プロジェクトのテンポと同期を取って再生したい
左上のメガネのようなアイコンを点灯させると、FL Studioの再生 (PATTERN/SONG) と同期して再生することができます。ショートカットキーは「H」キーです。

ボーカル素材単体を再生したい場合は、▶ボタンをクリックするか、SPACEキーで再生(Newtoneを選んだ状態で再生)します。

スケールの設定
スケールは自動で判定してくれないため、手動で設定する必要があります。
ハサミアイコンから "Scale" のところにあるキーとスケールを選びます。

また "Snap to scale" を選ぶと、自動でそのスケールにピッチを合わせてくれます。
波形の3つの移動モード (タイミングとピッチ補正)
波形を上にマウスカーソルを持っていくと、マウスが3つの形状に変化します。
まずは両端の部分です。

この部分でマウスを左ドラッグすると左右に広げたり縮めたりすることができます。

「境界の前後にある波形のみ変形させたい」場合に使用します。
なお "ALT"を押しながらドラッグするとグリッドを無視した細かい調整ができます。

次に中央から左の部分です。

この部分にマウスカーソルを移動させると「手の形」に変化します。
この状態でマウスを左右にドラッグすると、「選択中の波形はそのまま」で「前後の波形を変形」させます。(※上下の移動はできません)

選択中の波形を変形させたくない場合に使用します。
これも "ALT"を押しながらドラッグするとグリッドを無視した細かい調整ができます。
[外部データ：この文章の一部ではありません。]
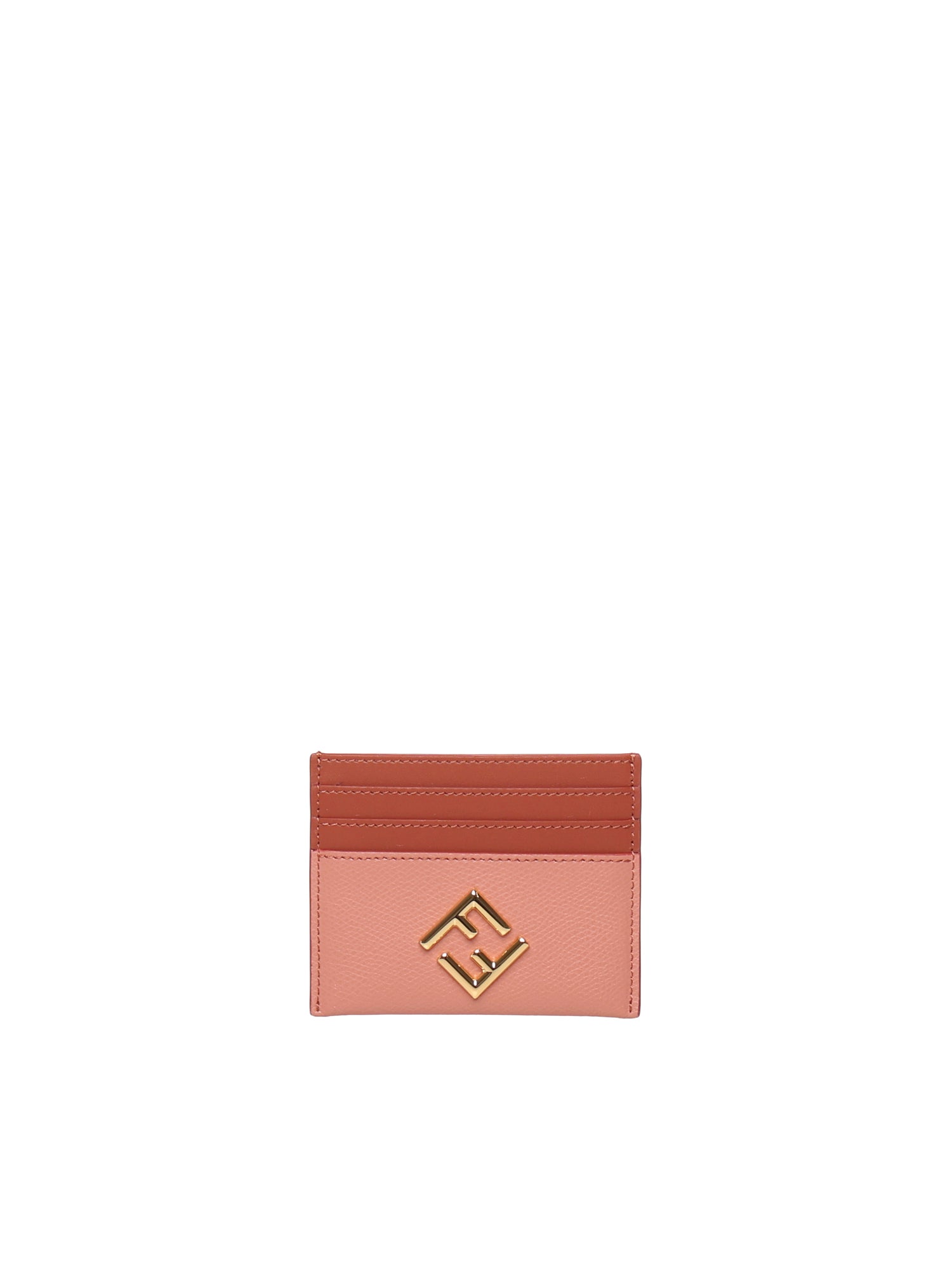 Fendi Wallets Pink Calfskin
最後に中央右側にカーソルを移動させると上下の矢印が表示されます。

この状態で上下にマウスをドラッグするとピッチを変更することができます。
ピッチ補正は「半音〜全音(+半音)」よりも大きく補正すると、
いかにも機械で補正したような声になってしまうことに注意します。
CENTER / VARIATION / TRANS について
左上にある "CENTER" / "VARIATION" / "TRANS" についての説明です。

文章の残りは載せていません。